As I have mentioned before, I purposely don't write much about Millie's birthparents on this blog. I have too much respect for them and for their story to attempt to tell any of it as my own. I would never want to give away information that is private to them and I would never want to assume to know in any way what this journey has been like and is like for them. But, I have been thinking about them a lot lately and I thought this would be a good place to try and put some of those thoughts down.
Since we brought Millie home, we have been telling her the story of her birth family and of her first month of life before she was with us. We have told her how much love her birth parents have for her and how she will always be a part of two families, our family and her birth family. Since we brought Millie home, we have made sure to keep her birth family at the forefront of our hearts and minds and to make sure that we always make them a part of our life and a part of Millie's life. Carla and I are so committed to making sure that Millie knows who she came from, who her first family was and that her birth family will always be a part of who she is.

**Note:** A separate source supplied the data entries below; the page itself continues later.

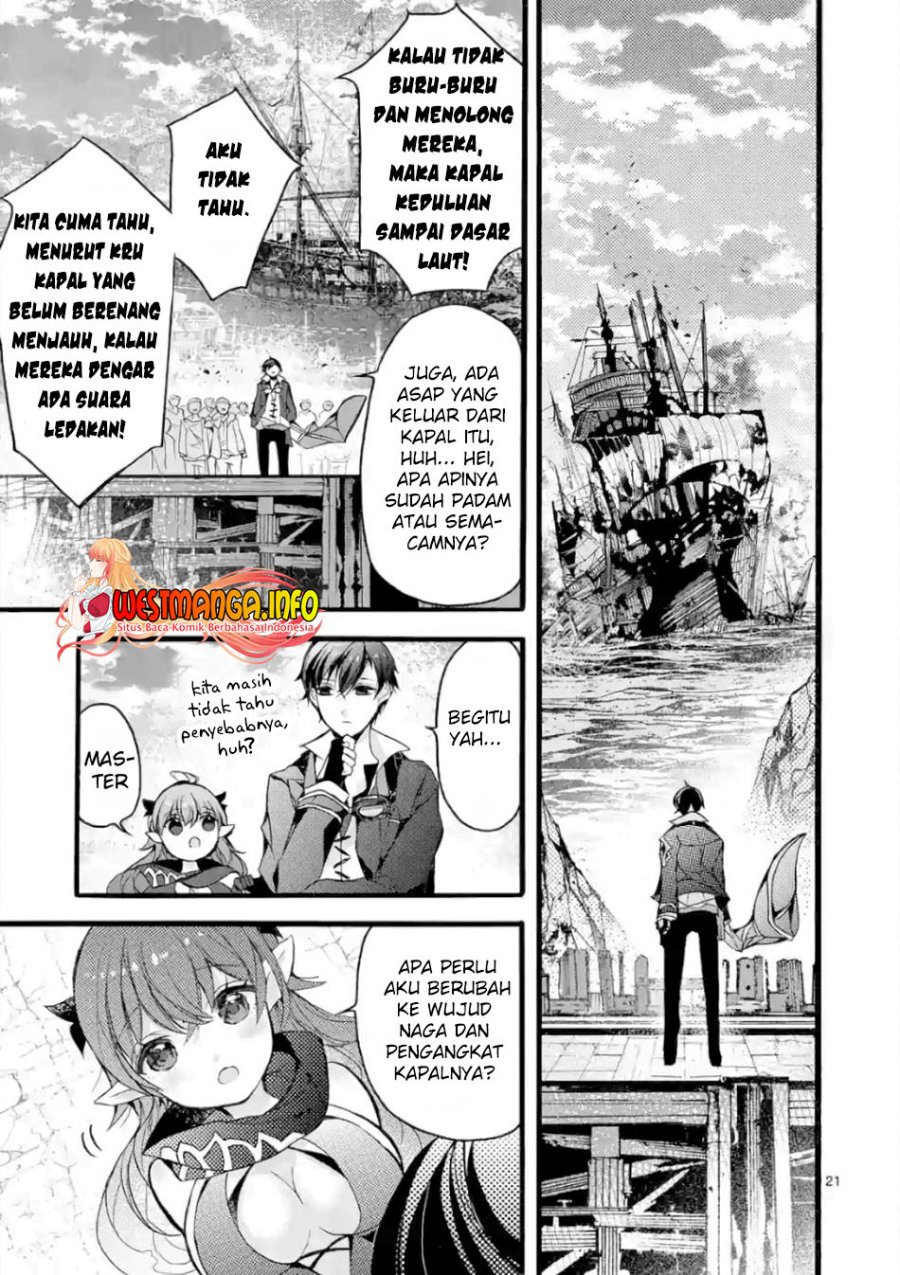 Saikyou Shoku (Ryukishi) Kara Shokyu Shoku (Hakobiya) Ni Nattano Ni Naze Ka Yushatachi Kara Tayoraretemasu Chapter 20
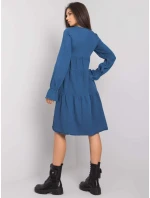 Šaty RO SK model 16205206 tmavě modrá - FPrice Šaty RO SK model 16205206 tmavě modrá - FPrice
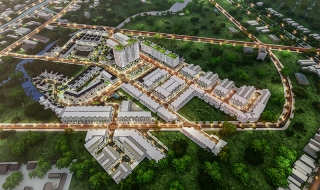 Phối cảnh dự án Khu đô thị An Phú Eco City Cần Thơ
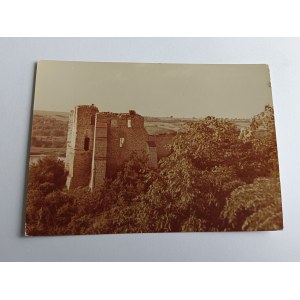 POSTKARTE KAZIMIERZ DOLNY SCHLOSSRUINEN KLEINE AUSGABE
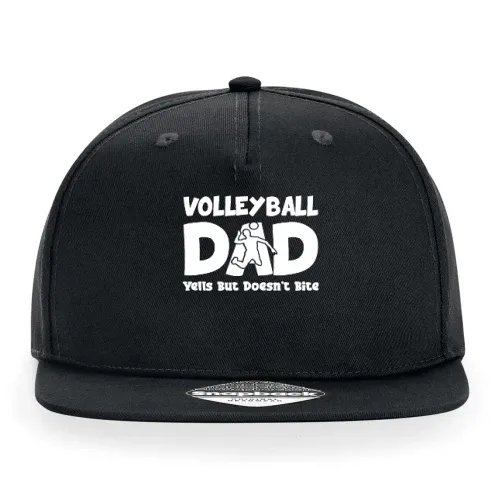 Volleyball Dad Volleyballer Beißt Nicht Cap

I know that as Millie grows up we will continue to tell her all that we know about her birthparents. I also know that as Millie grows up there will be difficult questions and ones that we might not even be able to answer for her. I know that there will be uncomfortable moments and moments when both Millie and we will have to wrestle with difficult emotions. And I also know that any difficult moments will still be infinitely better than if we attempted to keep any information from her or lie to her about her own life and her own story. I have confidence that Millie will be able to deal with the tough stuff because we will raise her to know who she is and to be proud of who she is and I believe that this is what makes a person strong.
And while I know that we will do everything that we can to keep Millie's birthparents a part of her life and a part of her story, we also know that we have no control over how they choose or how they are able to be a part of her life. We have not heard from Millie's birthparents in a while. I will not even begin to try and claim to know why we haven't heard from them. All I can say is that I know they have their reasons. Though we haven't heard from them, we continue to make contact. We continue to send texts and send pictures and send written updates. And we will continue to do these things until they ask us not to.
We want to make sure that they know that our door is always open for them. We want to make sure that they know that we understand if they can't text us back right now or write us back right now. We want to make sure that they know that we understand if they can't meet up with us right now or see Millie right now. And, we also want them to know that if and when they ARE ready, we will be there too. There will always be space for them in our family, just as we know there will always be space for Millie in their family, even if that space is not physical.
This open adoption stuff is not easy. It is not all laid out in a way that is easy to follow. We are creating our own path every day and we are creating our own relationships every day. I am sure that we have made and will continue to make mistakes. And I also know that our hearts are open and that we truly believe in what we are trying to do and I believe that will make up for all the missteps that we might take along the way.